DATA TO USE =>
[Start of section]

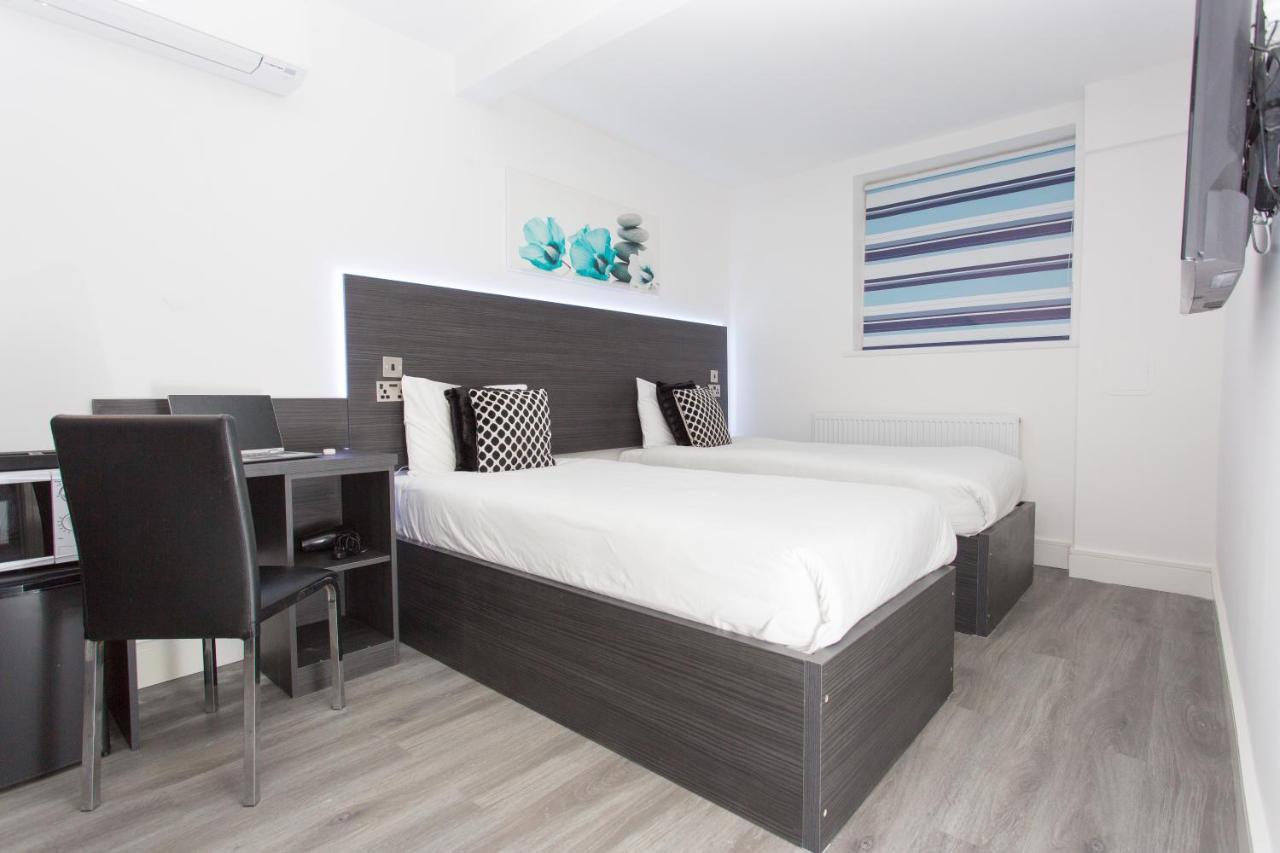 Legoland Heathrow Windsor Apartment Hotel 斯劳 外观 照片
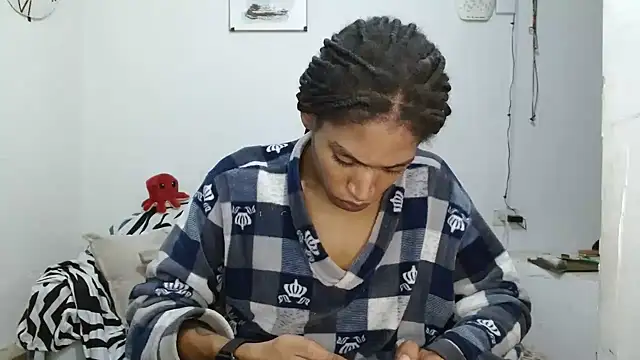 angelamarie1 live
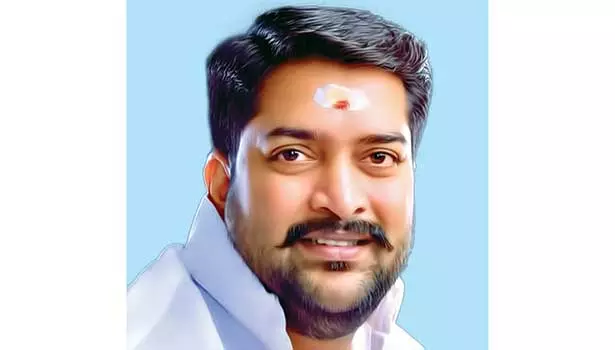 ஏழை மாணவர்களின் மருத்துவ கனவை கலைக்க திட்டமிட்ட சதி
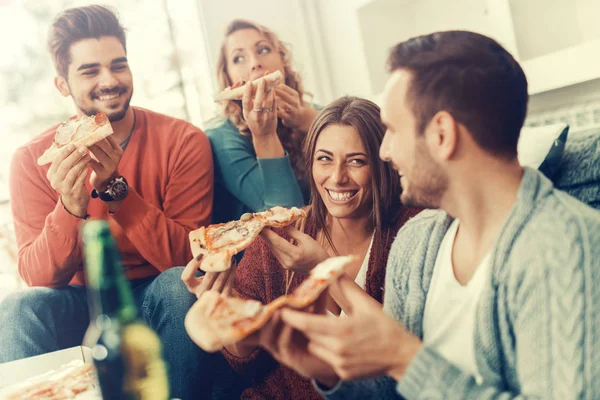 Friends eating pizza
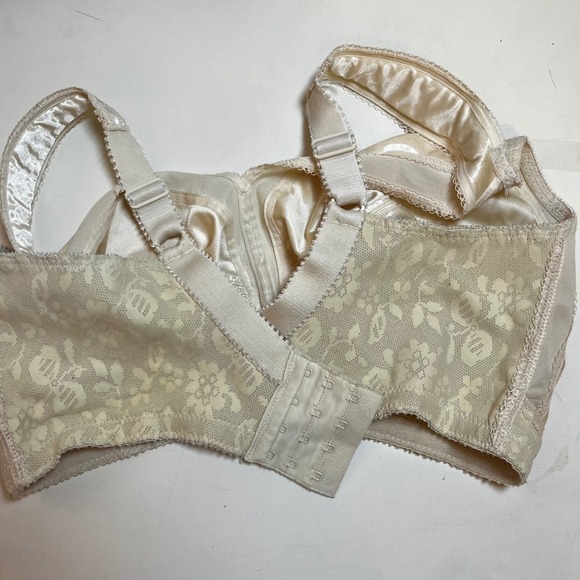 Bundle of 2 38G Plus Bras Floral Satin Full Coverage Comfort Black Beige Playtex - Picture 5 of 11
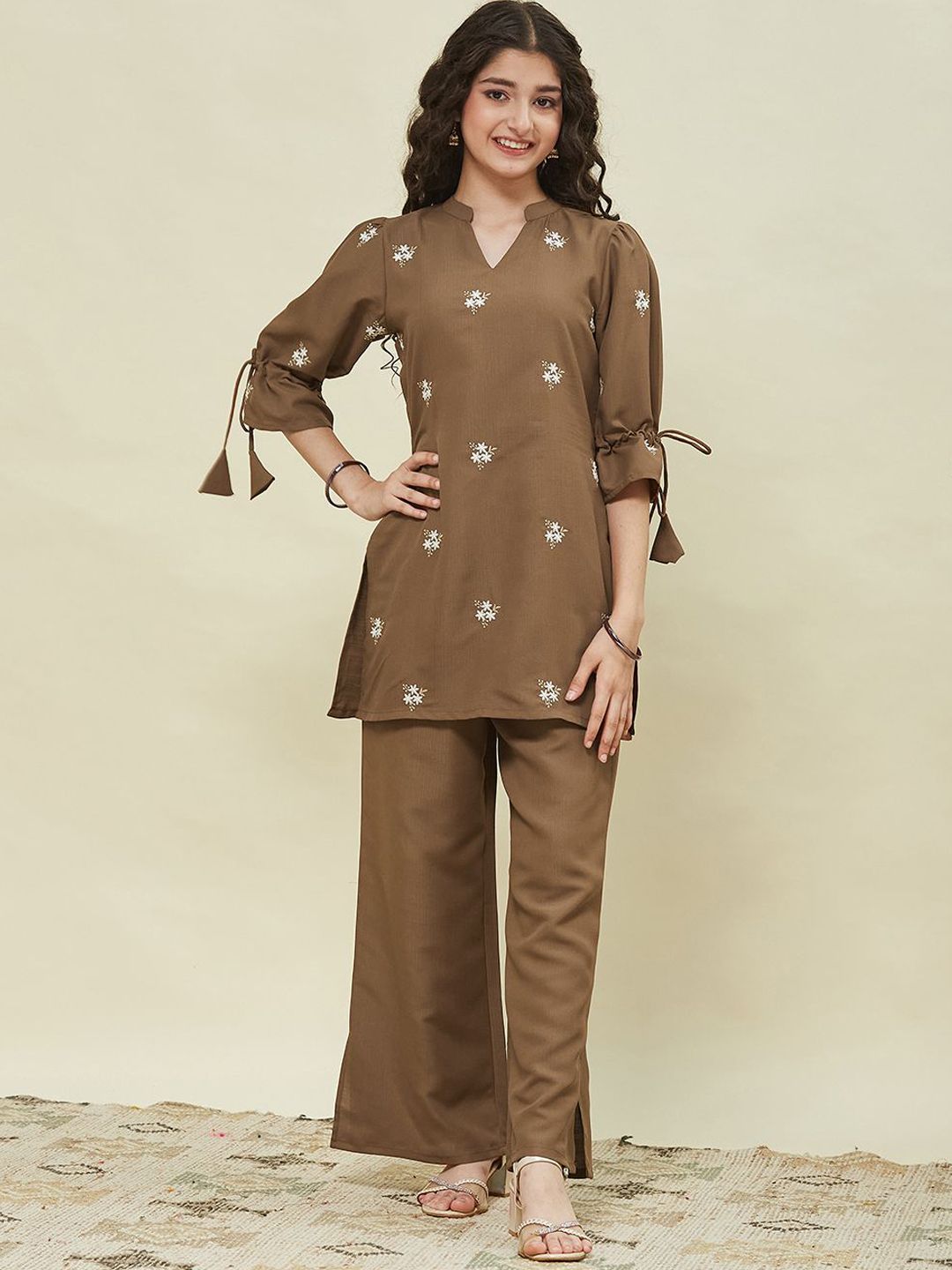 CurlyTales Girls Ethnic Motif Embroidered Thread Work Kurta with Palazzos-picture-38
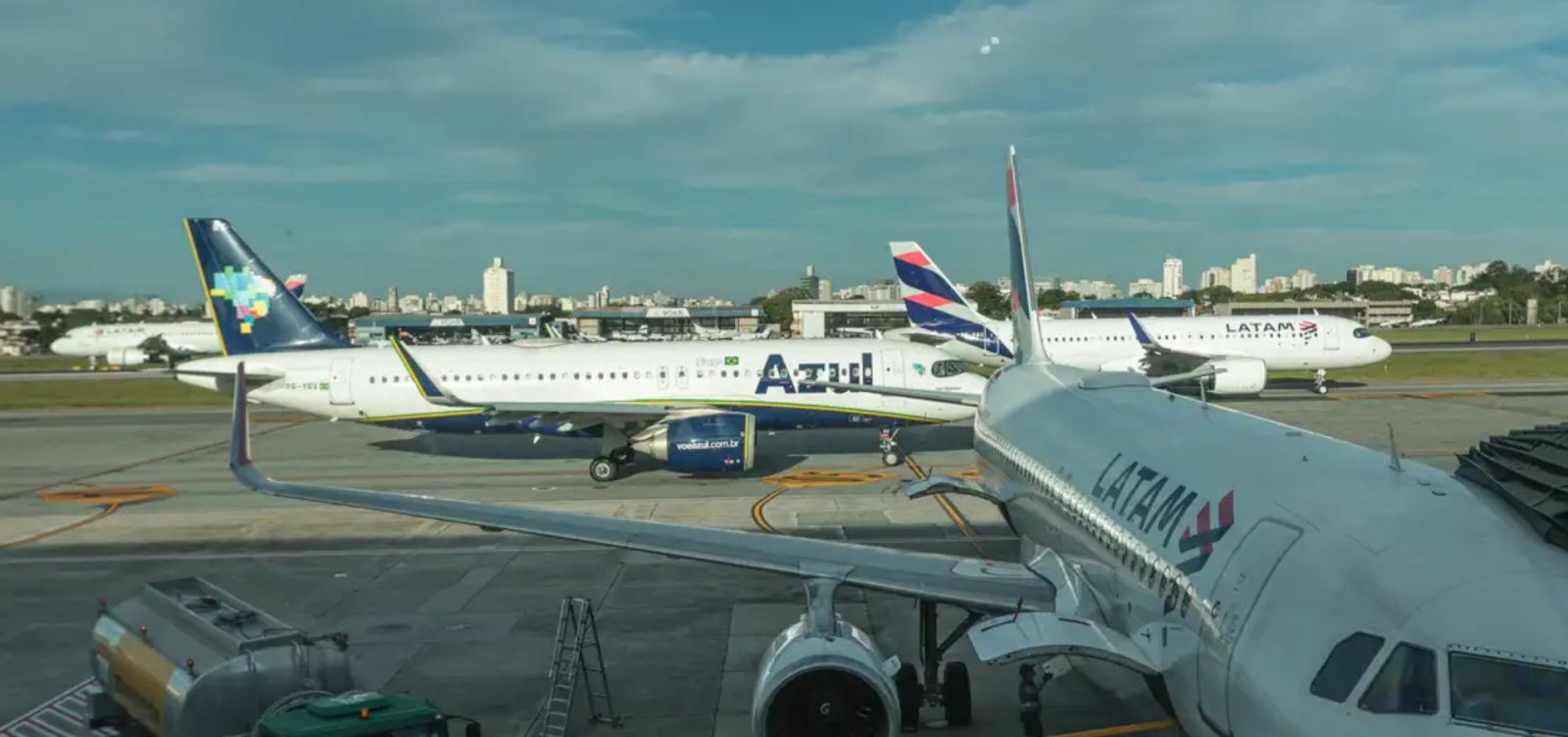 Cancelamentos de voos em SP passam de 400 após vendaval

[End of section]
[Start of section]

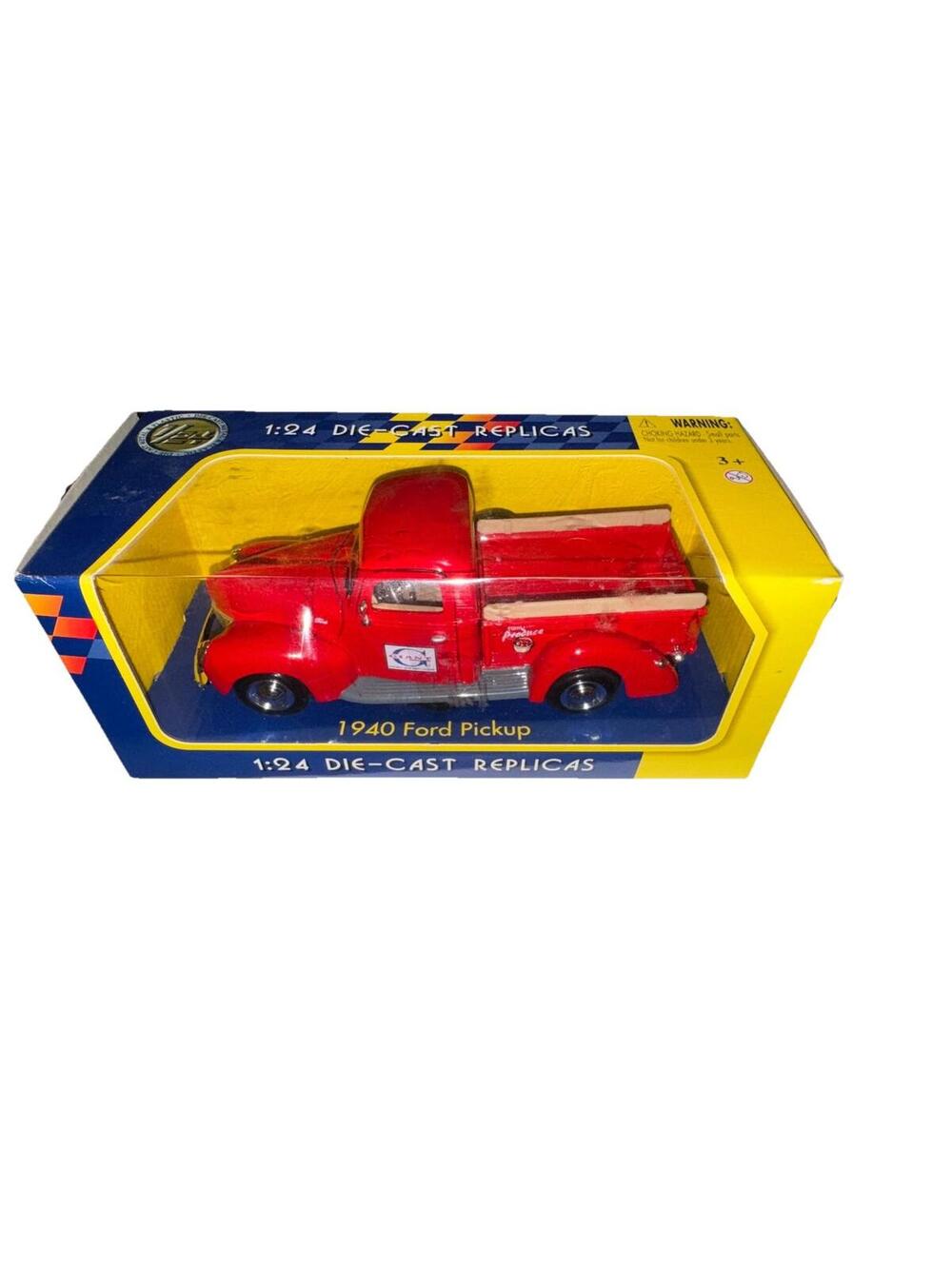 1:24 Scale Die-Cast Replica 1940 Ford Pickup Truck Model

[End of section]
[Start of section]

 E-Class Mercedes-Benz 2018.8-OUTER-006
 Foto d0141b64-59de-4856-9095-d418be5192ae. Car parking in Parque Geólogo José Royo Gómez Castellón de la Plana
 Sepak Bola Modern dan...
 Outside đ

[End of section]

ACTION ITEM => Without the pictures, set down the lines above from the line with "Bundle of 2" up to and including the line with "Cancelamentos de voos" exactly as they stand.

SOLUTION TO THE PROBLEM =>
 Bundle of 2 38G Plus Bras Floral Satin Full Coverage Comfort Black Beige Playtex - Picture 5 of 11
 CurlyTales Girls Ethnic Motif Embroidered Thread Work Kurta with Palazzos-picture-38
 Cancelamentos de voos em SP passam de 400 após vendaval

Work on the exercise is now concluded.